I’ve heard lots of people talk about not remembering an August this rainy. I do remember another rainy first day of school when I saw Mineola Superintendent Kim Tunnell walking a little tyke in under an umbrella. That was the picture that got away that year. This year, as I was walking out of the end of the building I saw a mom toting something. It took a couple of seconds to take in what she was carrying. It was swathed in black and at first appeared to be a car seat and something else. Then I realized she had a little (but not all that little) girl in a black jacket grasped under her arms and was toting her across the driveway in a motherly effort to keep her feet from getting wet.

It was such a small thing, but the mom carrying her daughter over the water made an impression on me.
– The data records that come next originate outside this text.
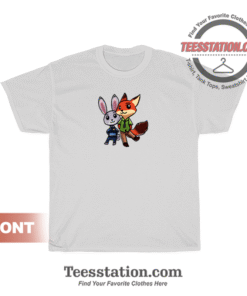Zootopia Nick And Judy T-Shirt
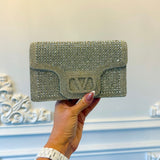 Valencia Royale Jeweled Purse - Silver
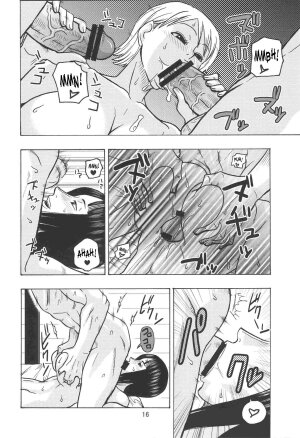 (C74) [ACID-HEAD (Murata.)] Nami no Koukai Nisshi EX NamiRobi 2 (One Piece) [English] [SaHa] - Page 17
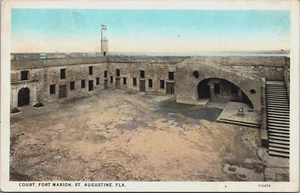 Corte Forte Marion Sant'Agostino FLORIDA bordo bianco CARTOLINA D15 - Foto 1 di 2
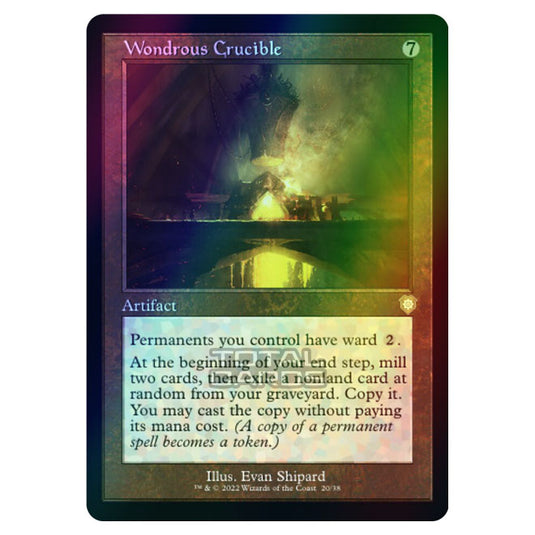 Magic The Gathering - The Brothers War - Commander - Wondrous Crucible (Foil)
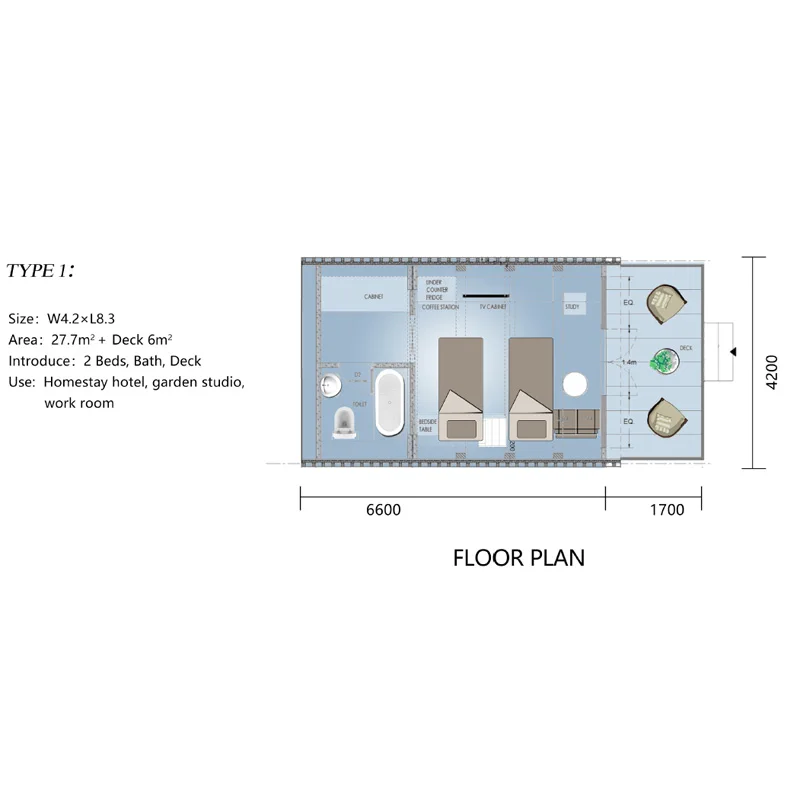 Professional supply disassembly and assembly mobile prefab house container color steel prefab house foldable prefab house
She was thinking of her child’s welfare, trying to keep her new-looking little pink sneakers out of the water and preventing her from enduring her first day of school with cold, soggy feet. It probably wasn’t all that easy. She wasn’t a large woman, the mother, and the daughter wasn’t a tiny child.

This morning I spent a little time perusing social media and looking at folks’ first day of school posts. We always did those too, except they went on our refrigerator. Now they go on social media.

It’s a different world as an empty-nester. There are lots of things I miss, but some others I really don’t. One is the scavenger hunt for school supplies. Inevitably there would be something on the list that, if you were lucky you’d find in a small stash on a shelf in Walmart or the Dollar Store. Oftentimes we had to go to Tyler for things.

I’ve seen the parents wandering, heads down as they walk, studying the supply lists in the stores. Poor souls, I think. This too shall pass. But it’s one of the many countless quiet sacrifices some parents make for their offspring. My heart goes out to them for their efforts.

On this first day of school in the Mineola School District where they’re starting a little earlier than some other schools because they’re a District of Innovation, I know there are parents who will be investing much more in the development of a future human being to become a contributing member of society. I want to tell them, take the job seriously. It will be one of the most important, if not the most important, jobs you ever undertake. And yes, I do believe it takes a village to raise a child. I’m thankful we have such a good village.